自動販売機で珈琲と紅茶を買って、飲みながら星空観察。
「流れ星、毎日流れてるのかな〜」
「かもなぁ。夏になるとここにテント張って勉強してる子供もいるよ」
「へぇ。カレン、そういうのしたことないや」
星を眺めながら、カレンが後ろに落ちないように肩を抱く。
「こうしてるとカレン達もカップルなのかな?」
「かもね。俺は、お前が彼女だったら、ほんと嬉しいと思うよ。けど、今はカレンはカレンでも、カレンじゃないから···」
「うん。もし、記憶が戻ったら、私と付き合ってくれる?」
「そうだな。記憶が、戻ってカレンが俺を見て、告白してきたら付き合ってやるよ」
「うん。カレン、頑張るから傍にいて···」
「うん···」
夜空には、三つ星が流れた。カレンは、ここに来る度にお願い毎をしていたが、今夜はただただ純一の身体にしがみついていた···。
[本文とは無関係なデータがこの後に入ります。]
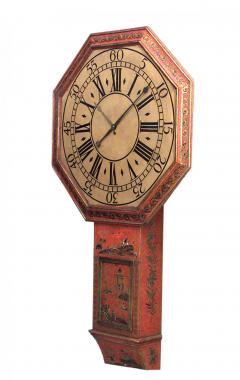 English Regency Red Lacquer Wall Clock - 4322773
「─って、寝てるし。おい、カレン。起きろ。そろそろ帰るぞ···」
肩のあたりを叩いて起こす純一にカレンは、
「やだ。あんなこともうしないで」と眠りながら言った。
(あんなこと?)
「あ〜、寝ちゃった? 帰るの?」
眠そうなカレンを車に乗せ、走らせると軽い寝息を立て始めたカレン。
思えば、ここ数日よくうなされていた。記憶が、戻るのかも知れないな。